SAMARINDA: Anggota Komisi II DPRD Kalimantan Timur (Kaltim), Guntur, menegaskan pentingnya langkah strategis dan sinergis untuk mengoptimalkan pendapatan asli daerah (PAD) dari sektor pajak alat berat, khususnya dari kegiatan pertambangan batu bara.
Ia menyebut masih banyak alat berat yang beroperasi di wilayah Kaltim, namun belum terdata sebagai pembayar pajak, sehingga berpotensi merugikan daerah.
“Harapan kita nanti strateginya, perusahaan akan kami panggil. Diskusi awal, kita minta data alat berat mereka, lalu kita kroscek. Kalau mereka merasa turut membangun Kaltim, saya yakin dan percaya satu pun alat berat tidak akan ketinggalan,” tegas Guntur saat ditemui usai rapat paripurna ke-22 di DPRD Kaltim, Rabu, 9 Juli 2025.
Guntur mengungkapkan bahwa proses awal penguatan kebijakan ini menunggu pengesahan Surat Keputusan (SK) dari Gubernur.
Setelah itu, Komisi II DPRD Kaltim bersama pemerintah provinsi akan menjadwalkan pemanggilan kepada perusahaan-perusahaan pemegang izin pertambangan dan kontraktornya untuk melakukan verifikasi data secara terbuka dan bertahap.
Berdasarkan data dari Dinas Energi dan Sumber Daya Mineral (ESDM) Kaltim, sebanyak 7.415 unit alat berat tercantum dalam Rencana Kerja dan Anggaran Biaya (RKAB) perusahaan tambang.
Namun, hanya sekitar 2.800 unit yang tercatat telah membayar pajak.
Artinya, ada sekitar 4.600–5.000 unit alat berat yang belum terdata secara resmi dan belum berkontribusi pada PAD.
Guntur juga menekankan bahwa kehadiran perusahaan tambang seharusnya memberikan kontribusi nyata terhadap pembangunan daerah, mengingat dampak penggunaan jalan dan infrastruktur publik cukup besar.
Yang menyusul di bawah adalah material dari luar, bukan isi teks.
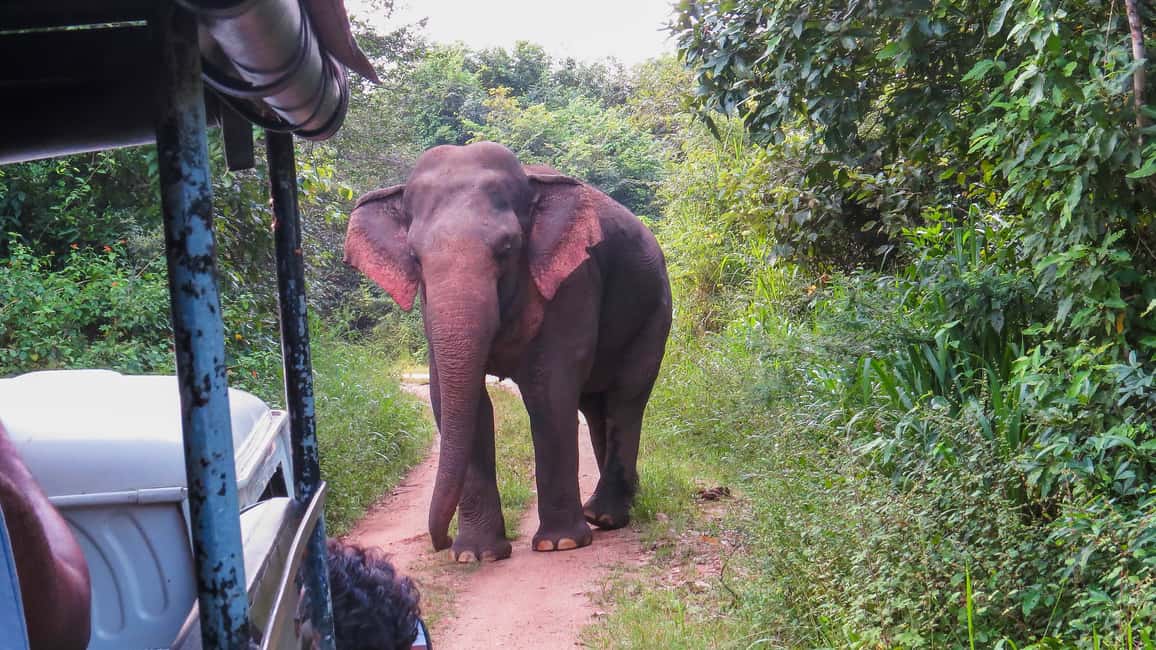 image n.4 of Wasgamuwa: Wasgamuwa National Park Private 3-Hour Safari activity in Sigiriya, uploaded by supplier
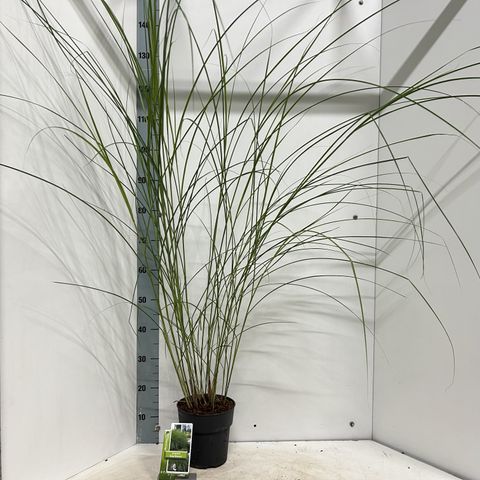 Miscanthus sinensis 'Gracillimus'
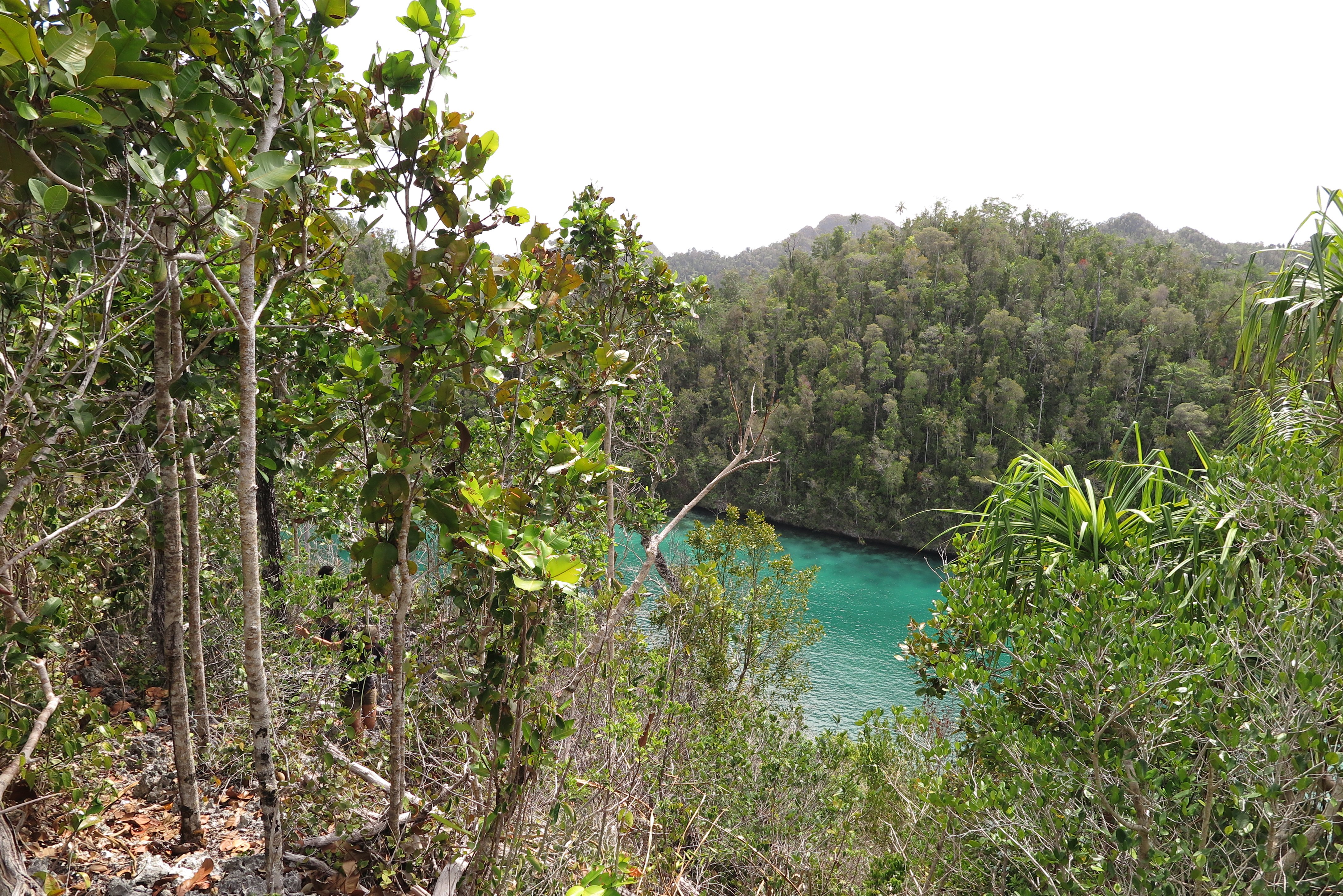 climbing up to the viewpoint on the wayag islands
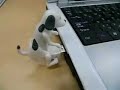 USB/Pen Drive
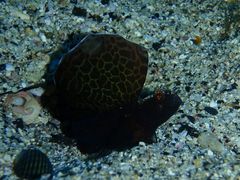 ホタテツノハゼ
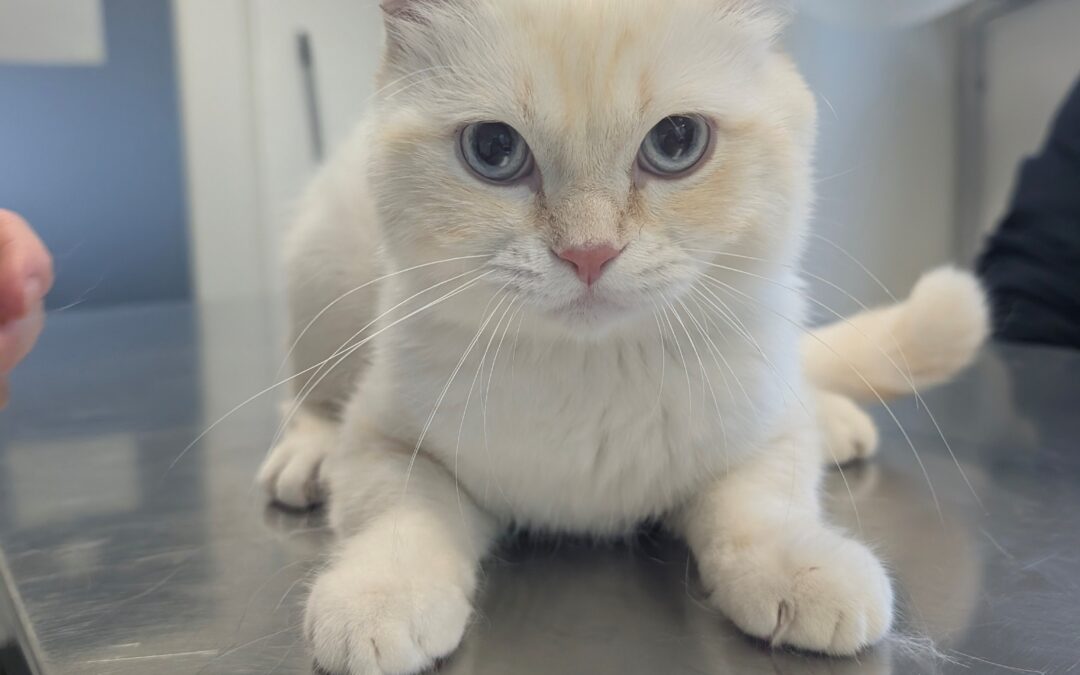 Fundtier Kater, Telfs (08/2026)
“Mereka hidup di tempat kita, seharusnya uangnya masuk APBD dan dipakai kembali untuk rakyat. Apalagi tanah kita ini zat asam dan besinya tinggi, labil, jadi jalan cepat rusak. Kita butuh semenisasi dan penguatan turap, semua itu butuh biaya besar,” ujarnya.
Ia berharap koordinasi lintas sektor akan segera dilakukan, termasuk melibatkan pemerintah kabupaten/kota, mengingat pajak alat berat juga dibagi berdasarkan wilayah operasional.
Optimalisasi pajak alat berat ini sudah memiliki dasar hukum yang kuat, yaitu melalui Peraturan Daerah Nomor 1 Tahun 2024 tentang Pajak Daerah dan Retribusi Daerah, serta Undang-Undang Nomor 1 Tahun 2022 tentang Hubungan Keuangan antara Pemerintah Pusat dan Pemerintah Daerah (HKPD).
“Kita akan kawal, jangan sampai alat berat dibiarkan lewat begitu saja tanpa kontribusi ke daerah,” kata Guntur.